These days, education stakeholders are constantly clamoring for data – data on student achievement, data on spending, data on teachers – you name it, they want it.
The Federal Education Budget Project (FEBP), Ed Money Watch’s parent initiative, houses a database on its website that provides much of these data for both K-12 and higher education. In addition to relying on state sources, FEBP relies heavily on the U.S. Department of Education for data, particularly for higher education data at the state and institutional level. The primary source for these data is the Integrated Postsecondary Education Data System (IPEDS), a publicly available, but somewhat confusing database on postsecondary achievement, costs, and demographics.
While IPEDS has provided institution-level data for years, they recently launched a State Data Center to provide aggregated data at the state level. And though that data center is publicly available, IPEDS has not yet figured out how, exactly, to make that dataset as useful as possible. Our recent experience with the State Data Center’s graduation rate data is a case in point.
When FEBP launched its higher education database in mid-2011, we gathered state-level data on a host of indicators from the IPEDS State Data Center. This included average tuition and fees, four-year and two-year graduation rates, and student demographics. At the time, data were only available from the 2007-08 school year. Everything seemed on the up-and-up.
Fast forward to a couple weeks ago when we discovered that the State Data Center had made data for the subsequent year (2008-09) available. We downloaded the new state-level data and merged it with the 2007-08 data.
While most of the data looked fine, we discovered that the 2009 data for four-year graduation rates were dramatically different than the 2008 data. In some cases, graduation rates in 2009 were half of what they were in 2008. Though graduation rates do fluctuate from year to year, this sort of variation seemed highly unlikely. Unfortunately, the 2008 data are no longer available on the IPEDS State Data Center, making it impossible for us to do a fresh comparison.
Suspicious of some kind of calculation error and curious about the lack of availability of the 2008 data, we called the IPEDS helpline. We were informed that IPEDS is still figuring out the capacity of the State Data Center and what role they want it to play in the greater database. As a result, the 2008 state-level data are no longer available for download and are not stored anywhere offline at IPEDS. Further, IPEDs could not tell us exactly how the graduation rate data were calculated for 2008 or 2009, so we don’t know what might have caused the discrepancies.
Given this, it was clear to us that we could not include the state graduation rate data in our database as they were collected from IPEDS. Instead, we used the IPEDS institution-level data system to calculate group averages for each state for both total graduation rate and four-year graduation rate for 2008 and 2009, an iterative and long process. Though these data are not automatically available from IPEDS, we can ensure that they were calculated in the same manner and are therefore comparable across years. These are the data now displayed for both 2008 and 2009 in the FEBP database.

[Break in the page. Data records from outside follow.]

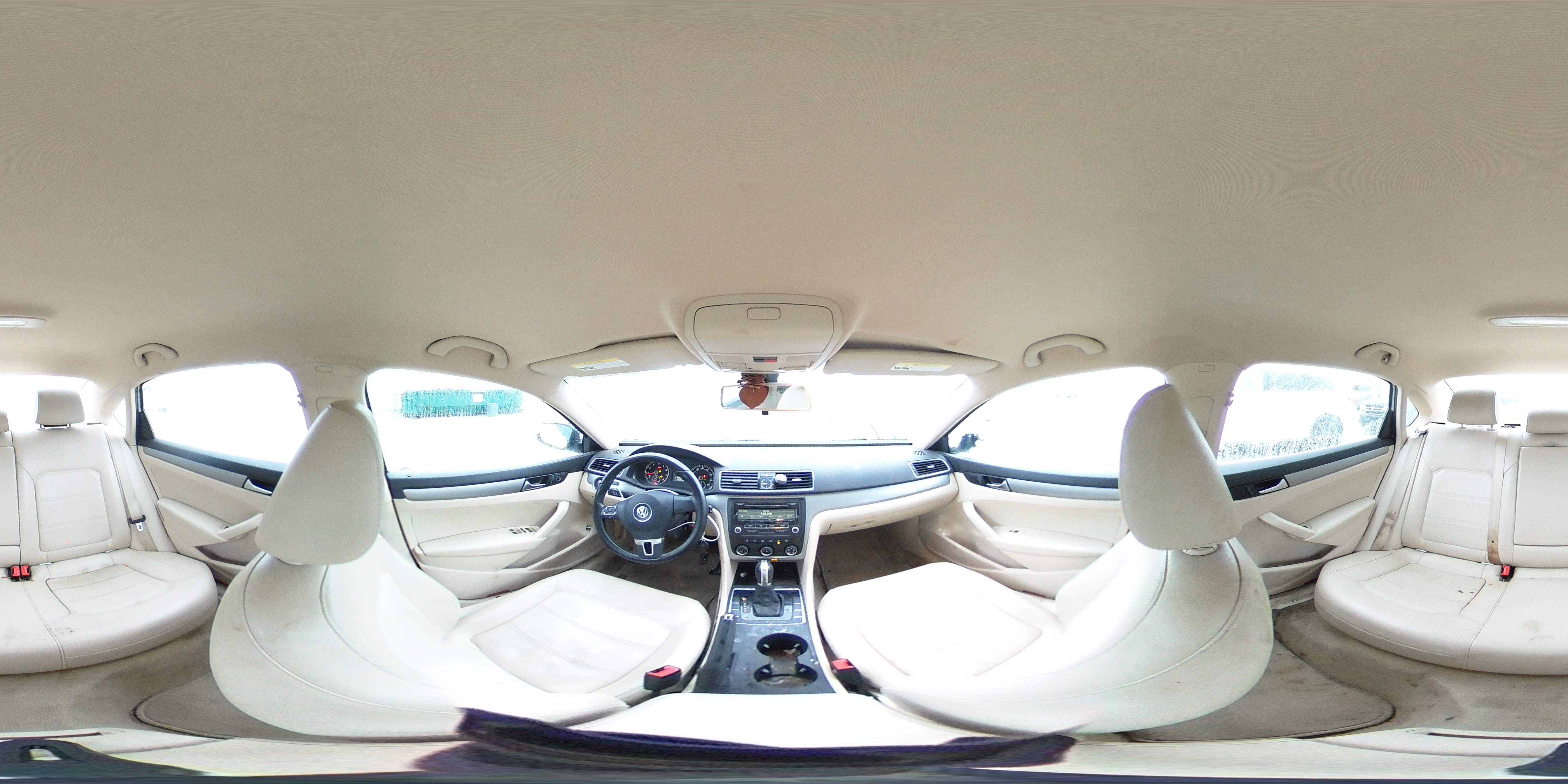 2014 Volkswagen Passat - Image 13
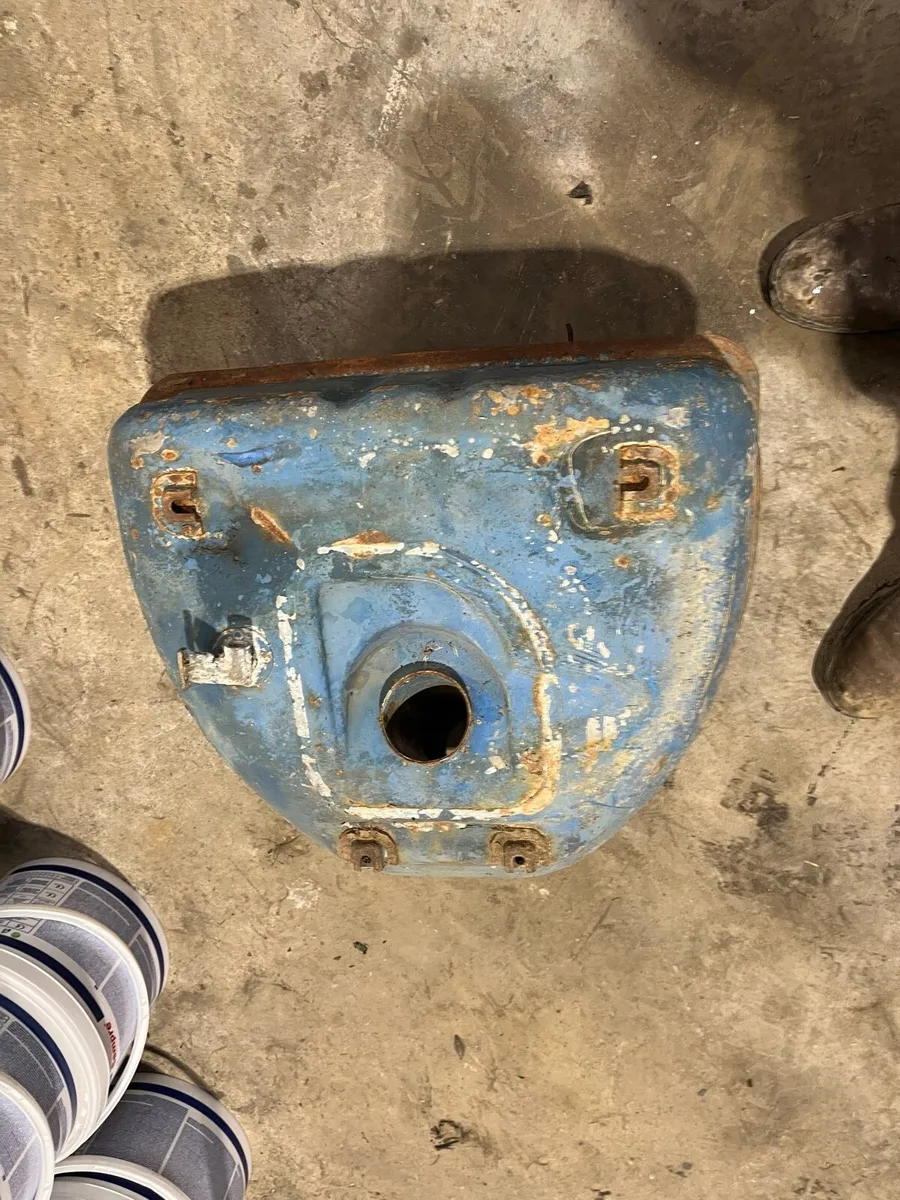 Fordson major parts - Image 2
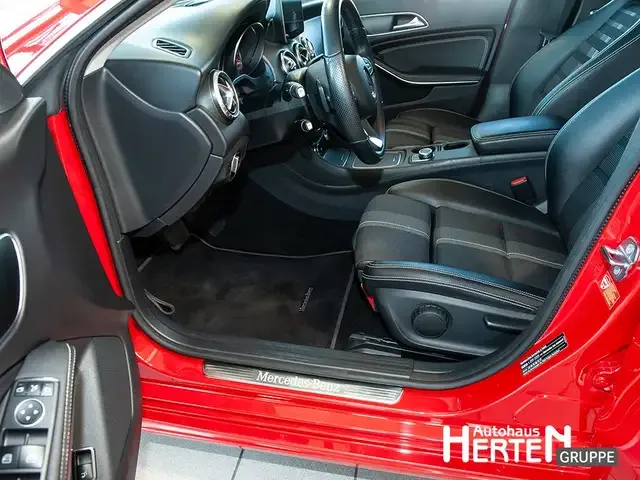 Mercedes-Benz CLA 180
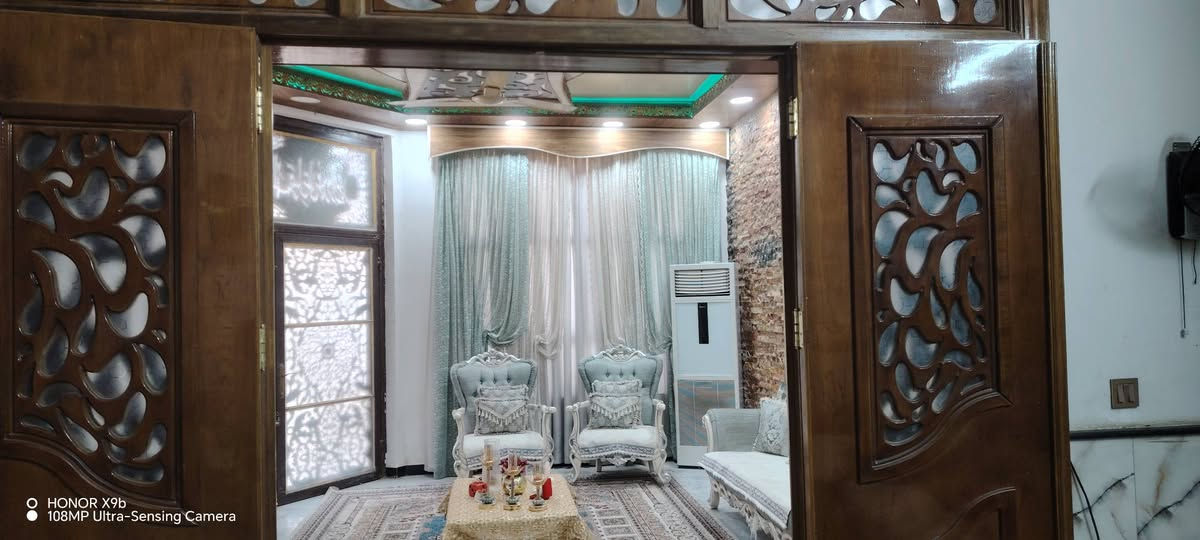 للبيع دار طابو صرف حي الشهداء ثالث عقار عن شارع الطهمازيه المساحه ٢١٠م يحتوي على اربع غرف نوم صاله مطبخ كلدور عدد ٢ جاهز اتصال ***********
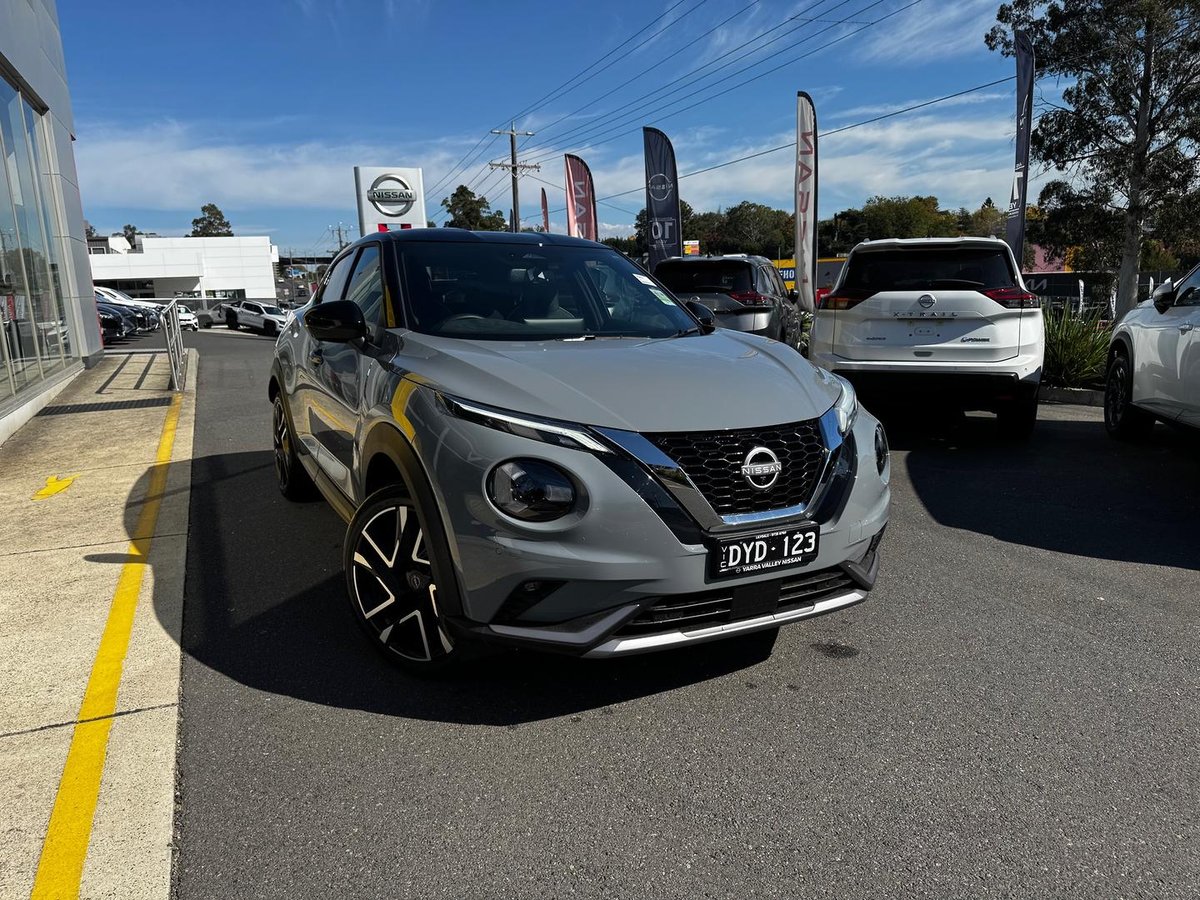 2025 Nissan JUKE Ti F16 MY25 Ceramic Grey 2-tone with Black roof
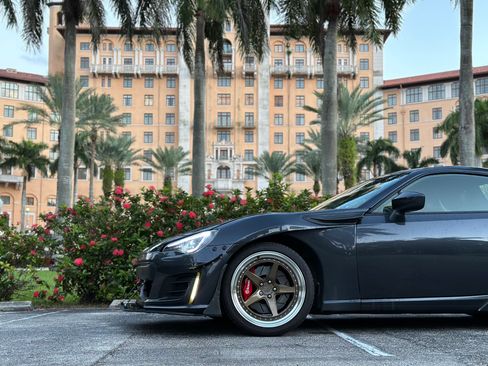 Used 2018 Subaru BRZ Limited w/ Performance Package image 5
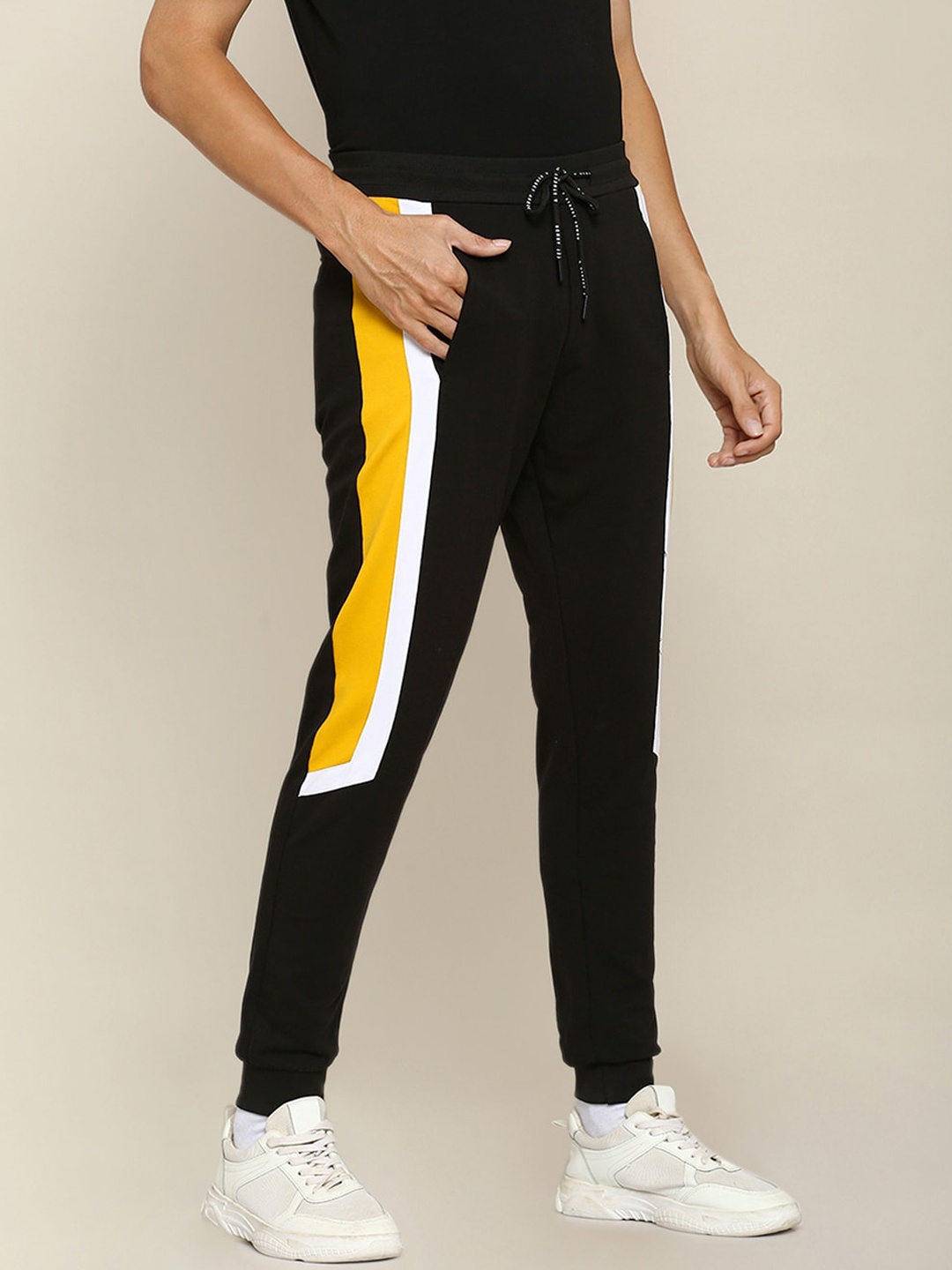 

Street Armor by Pantaloons Men Black Striped Slim-Fit Track Pants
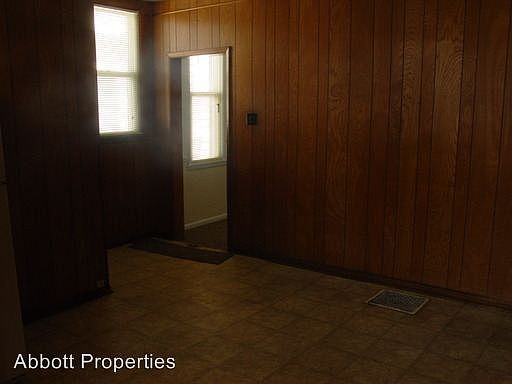 2nd image of 312 Wabash Ave
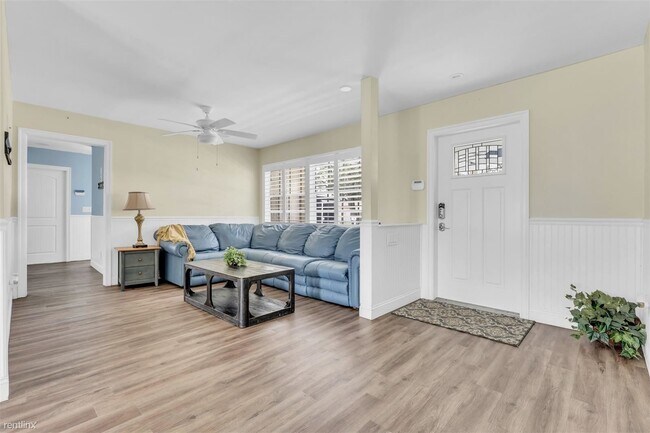 Foto del edificio - 3 br, 2 bath House - 9860 NW 3rd St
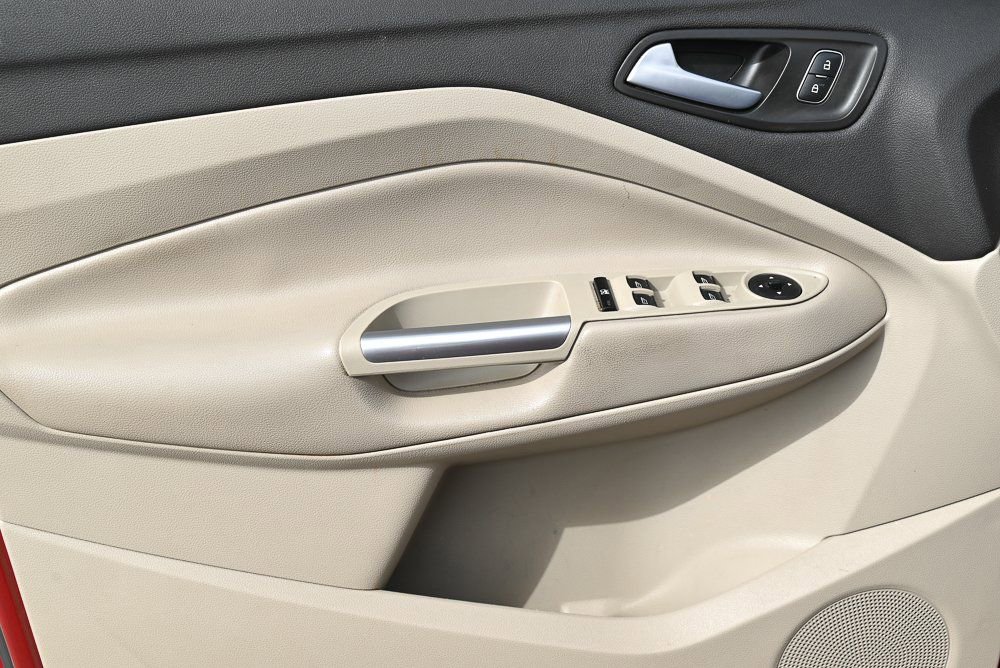 Used 2018 Ford Escape SE image 14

The IPEDS State Data Center could be a powerful tool for stakeholders attempting to understand how higher education systems and outcomes vary across states. But as long as IPEDS treats the center as a second class project, it will not reach its full potential. Key to this process will be making multiple years of data available and ensuring that data for each year are calculated in the same manner. Hopefully IPEDS will have the motivation and capacity to head in this direction. If not, we will continue to be concerned about the reliability and comparability of the data available at the State Data Center.